[<prev] [next>] [<thread-prev] [thread-next>] [day] [month] [year] [list]
Message-ID: <20120424072617.GB6871@ZenIV.linux.org.uk>
Date: Tue, 24 Apr 2012 08:26:17 +0100
From: Al Viro <viro@...IV.linux.org.uk>
To: Linus Torvalds <torvalds@...ux-foundation.org>
Cc: Oleg Nesterov <oleg@...hat.com>, linux-arch@...r.kernel.org,
linux-kernel@...r.kernel.org
Subject: Re: [RFC] TIF_NOTIFY_RESUME, arch/*/*/*signal*.c and all such
On Mon, Apr 23, 2012 at 07:01:50PM +0100, Al Viro wrote:
> BTW, I've looked into dealing with that; I think I have a tentative solution
> for all these architectures.
> * hexagon: just needs tracehook_notify_resume() added, everything
> else is already in place
> * score: TIF_NOTIFY_RESUME is defined *and* included into the
> "we need to call do_notify_resume()" logics in assembler glue; just need
> to add the usual boilerplate into said do_notify_resume()

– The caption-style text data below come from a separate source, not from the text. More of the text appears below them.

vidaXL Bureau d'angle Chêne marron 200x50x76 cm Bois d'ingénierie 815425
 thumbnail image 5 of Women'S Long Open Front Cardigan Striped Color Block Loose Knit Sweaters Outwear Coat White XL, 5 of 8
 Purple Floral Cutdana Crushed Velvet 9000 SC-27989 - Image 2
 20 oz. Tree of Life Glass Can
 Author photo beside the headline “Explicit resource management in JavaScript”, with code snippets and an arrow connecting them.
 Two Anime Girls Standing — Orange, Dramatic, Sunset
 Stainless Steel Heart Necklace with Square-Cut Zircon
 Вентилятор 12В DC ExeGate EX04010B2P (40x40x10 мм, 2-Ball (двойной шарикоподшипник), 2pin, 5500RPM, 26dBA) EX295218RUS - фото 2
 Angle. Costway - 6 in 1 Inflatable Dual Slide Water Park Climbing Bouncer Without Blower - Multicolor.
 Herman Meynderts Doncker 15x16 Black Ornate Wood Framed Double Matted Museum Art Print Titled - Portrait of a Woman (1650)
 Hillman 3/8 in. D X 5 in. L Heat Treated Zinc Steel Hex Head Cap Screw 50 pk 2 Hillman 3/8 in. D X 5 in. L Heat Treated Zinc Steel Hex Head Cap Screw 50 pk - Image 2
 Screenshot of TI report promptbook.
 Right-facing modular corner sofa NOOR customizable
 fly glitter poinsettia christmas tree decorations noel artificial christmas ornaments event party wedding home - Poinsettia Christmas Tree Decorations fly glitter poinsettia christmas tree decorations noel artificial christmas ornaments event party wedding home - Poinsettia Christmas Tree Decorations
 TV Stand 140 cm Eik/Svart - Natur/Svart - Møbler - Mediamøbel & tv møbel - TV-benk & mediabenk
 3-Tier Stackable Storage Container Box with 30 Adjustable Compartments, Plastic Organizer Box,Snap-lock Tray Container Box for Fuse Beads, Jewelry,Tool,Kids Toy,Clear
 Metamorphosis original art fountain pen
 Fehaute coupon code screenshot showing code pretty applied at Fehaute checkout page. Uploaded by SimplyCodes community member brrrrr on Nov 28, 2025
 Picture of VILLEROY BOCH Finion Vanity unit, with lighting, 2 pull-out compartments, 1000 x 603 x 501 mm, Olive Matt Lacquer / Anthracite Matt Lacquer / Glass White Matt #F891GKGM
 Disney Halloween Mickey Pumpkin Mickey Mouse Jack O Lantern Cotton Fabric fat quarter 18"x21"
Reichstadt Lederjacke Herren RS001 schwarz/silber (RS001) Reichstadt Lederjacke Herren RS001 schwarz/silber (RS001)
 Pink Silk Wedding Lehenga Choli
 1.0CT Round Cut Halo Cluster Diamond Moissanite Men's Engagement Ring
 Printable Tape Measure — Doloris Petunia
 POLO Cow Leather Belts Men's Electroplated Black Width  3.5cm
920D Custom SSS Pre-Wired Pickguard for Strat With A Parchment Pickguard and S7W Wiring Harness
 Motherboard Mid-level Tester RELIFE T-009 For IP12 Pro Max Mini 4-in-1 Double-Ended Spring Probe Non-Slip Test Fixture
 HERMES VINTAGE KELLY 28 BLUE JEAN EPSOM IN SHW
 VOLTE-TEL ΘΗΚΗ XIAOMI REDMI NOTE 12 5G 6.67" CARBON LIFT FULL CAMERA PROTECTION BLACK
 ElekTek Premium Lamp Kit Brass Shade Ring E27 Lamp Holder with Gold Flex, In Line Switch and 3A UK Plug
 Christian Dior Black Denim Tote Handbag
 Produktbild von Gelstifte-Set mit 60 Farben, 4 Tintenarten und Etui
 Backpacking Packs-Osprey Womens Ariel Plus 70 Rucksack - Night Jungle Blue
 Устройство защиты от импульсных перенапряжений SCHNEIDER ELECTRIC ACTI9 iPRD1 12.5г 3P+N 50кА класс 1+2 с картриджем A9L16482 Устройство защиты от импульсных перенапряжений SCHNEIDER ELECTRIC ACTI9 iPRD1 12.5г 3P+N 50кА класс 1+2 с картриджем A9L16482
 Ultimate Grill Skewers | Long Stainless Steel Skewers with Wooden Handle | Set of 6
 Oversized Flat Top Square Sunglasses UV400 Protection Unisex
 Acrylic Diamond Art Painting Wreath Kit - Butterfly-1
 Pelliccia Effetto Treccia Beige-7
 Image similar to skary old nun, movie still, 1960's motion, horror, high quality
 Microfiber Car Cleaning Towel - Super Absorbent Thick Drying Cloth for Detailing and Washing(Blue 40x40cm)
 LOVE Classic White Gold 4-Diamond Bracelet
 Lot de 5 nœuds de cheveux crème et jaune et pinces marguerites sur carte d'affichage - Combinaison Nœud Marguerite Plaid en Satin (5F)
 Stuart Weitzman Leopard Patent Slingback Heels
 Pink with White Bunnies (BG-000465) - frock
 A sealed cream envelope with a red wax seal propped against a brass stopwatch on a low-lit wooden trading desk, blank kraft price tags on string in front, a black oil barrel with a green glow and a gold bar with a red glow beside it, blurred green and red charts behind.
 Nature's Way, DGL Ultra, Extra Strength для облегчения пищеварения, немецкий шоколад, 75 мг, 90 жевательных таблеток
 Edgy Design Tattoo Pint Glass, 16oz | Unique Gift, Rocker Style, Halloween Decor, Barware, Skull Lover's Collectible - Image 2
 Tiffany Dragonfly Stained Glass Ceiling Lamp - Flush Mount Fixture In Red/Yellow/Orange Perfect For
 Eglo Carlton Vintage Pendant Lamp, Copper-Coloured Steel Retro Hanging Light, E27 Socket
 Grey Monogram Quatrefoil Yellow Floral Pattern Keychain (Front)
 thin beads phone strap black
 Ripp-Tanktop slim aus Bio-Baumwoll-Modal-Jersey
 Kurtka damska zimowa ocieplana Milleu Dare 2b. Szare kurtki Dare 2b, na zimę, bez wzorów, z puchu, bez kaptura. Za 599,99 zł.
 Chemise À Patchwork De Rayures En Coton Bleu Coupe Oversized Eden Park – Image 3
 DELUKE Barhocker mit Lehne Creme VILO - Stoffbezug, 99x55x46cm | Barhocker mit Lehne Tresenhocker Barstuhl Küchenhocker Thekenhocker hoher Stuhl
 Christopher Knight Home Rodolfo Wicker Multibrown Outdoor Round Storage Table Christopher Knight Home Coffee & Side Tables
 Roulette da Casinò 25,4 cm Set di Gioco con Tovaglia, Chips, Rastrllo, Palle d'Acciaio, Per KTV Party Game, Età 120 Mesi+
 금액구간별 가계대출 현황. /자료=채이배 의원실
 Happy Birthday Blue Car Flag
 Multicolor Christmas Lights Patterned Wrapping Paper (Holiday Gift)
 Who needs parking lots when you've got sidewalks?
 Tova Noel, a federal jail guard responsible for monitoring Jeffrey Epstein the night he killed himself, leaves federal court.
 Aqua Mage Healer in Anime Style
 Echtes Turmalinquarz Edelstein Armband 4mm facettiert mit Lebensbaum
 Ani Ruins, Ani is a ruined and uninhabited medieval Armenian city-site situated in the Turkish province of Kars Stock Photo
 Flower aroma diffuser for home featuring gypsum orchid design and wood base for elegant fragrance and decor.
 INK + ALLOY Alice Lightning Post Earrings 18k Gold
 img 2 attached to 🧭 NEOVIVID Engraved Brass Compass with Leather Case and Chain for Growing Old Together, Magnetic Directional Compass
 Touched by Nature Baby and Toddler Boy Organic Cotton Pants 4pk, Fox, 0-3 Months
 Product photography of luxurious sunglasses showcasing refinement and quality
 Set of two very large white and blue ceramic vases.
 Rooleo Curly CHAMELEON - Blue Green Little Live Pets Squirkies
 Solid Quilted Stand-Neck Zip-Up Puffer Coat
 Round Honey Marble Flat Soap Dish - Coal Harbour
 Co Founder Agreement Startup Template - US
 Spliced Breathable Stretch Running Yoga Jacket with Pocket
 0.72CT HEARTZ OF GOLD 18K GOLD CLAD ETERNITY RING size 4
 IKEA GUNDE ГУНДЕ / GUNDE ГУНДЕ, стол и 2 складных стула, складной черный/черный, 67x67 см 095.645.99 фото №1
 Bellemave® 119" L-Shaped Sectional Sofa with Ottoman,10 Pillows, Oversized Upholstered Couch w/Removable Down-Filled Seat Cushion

> * um: glue in question is in C; easily dealt with, I can do that
> (and test the results) tonight
> * m68k: that'll need some glue changes; AFAICS, the easiest solution
> is to put TIF_NOTIFY_RESUME into bit 5 - then nommu glue needs no changes
> at all, and entry_mm.S needs two "jmi do_signal_return" replaced with
> "jne do_signal_return"; the code before those shifts bit 6 to MSBit and
> currently bits 0--5 are unused. Replacing "most significant bit is set" with
> "some bits are set" would do the right thing, AFAICT - make the sucker
> go into do_signal() handling if either TIF_SIGPENDING (bit 6) or
> TIF_NOTIFY_RESUME (bit 5) is set (at that point it has already checked that
> TIF_NEED_RESCHEDULE is not set). On top of that it will need the obvious
> changes in do_signal() itself - boilerplate added and current contents
> made conditional on TIF_SIGPENDING being set. I can only test that
> on aranym, though - all real m68k hardware I have is pining for fjords right
> now.
> * microblaze: TIF_NOTIFY_RESUME is defined, but not hooked anywhere.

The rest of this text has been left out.